## [Goal of the exercise]
Write out exactly the lines below that run from the one containing "(またジェに何か食べさせてる)" through the one containing "Off The Shoulder", both included, with no other lines.

## [Study material]
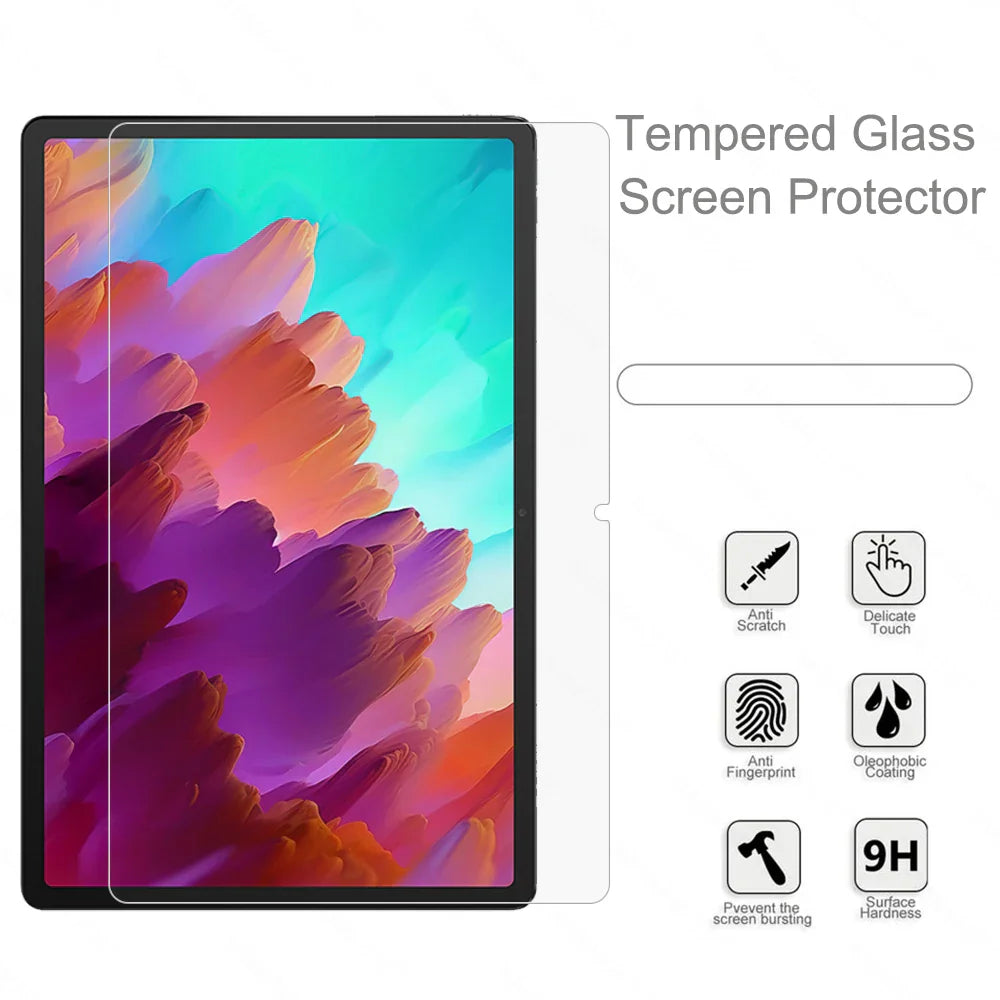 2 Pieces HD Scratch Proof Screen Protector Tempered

==

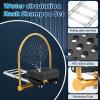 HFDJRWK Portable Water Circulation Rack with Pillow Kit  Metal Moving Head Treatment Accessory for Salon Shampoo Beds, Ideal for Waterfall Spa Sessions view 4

...

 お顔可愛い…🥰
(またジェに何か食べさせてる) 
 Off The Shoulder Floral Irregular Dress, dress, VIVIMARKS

## [Answer space]
(またジェに何か食べさせてる) 
 Off The Shoulder Floral Irregular Dress, dress, VIVIMARKS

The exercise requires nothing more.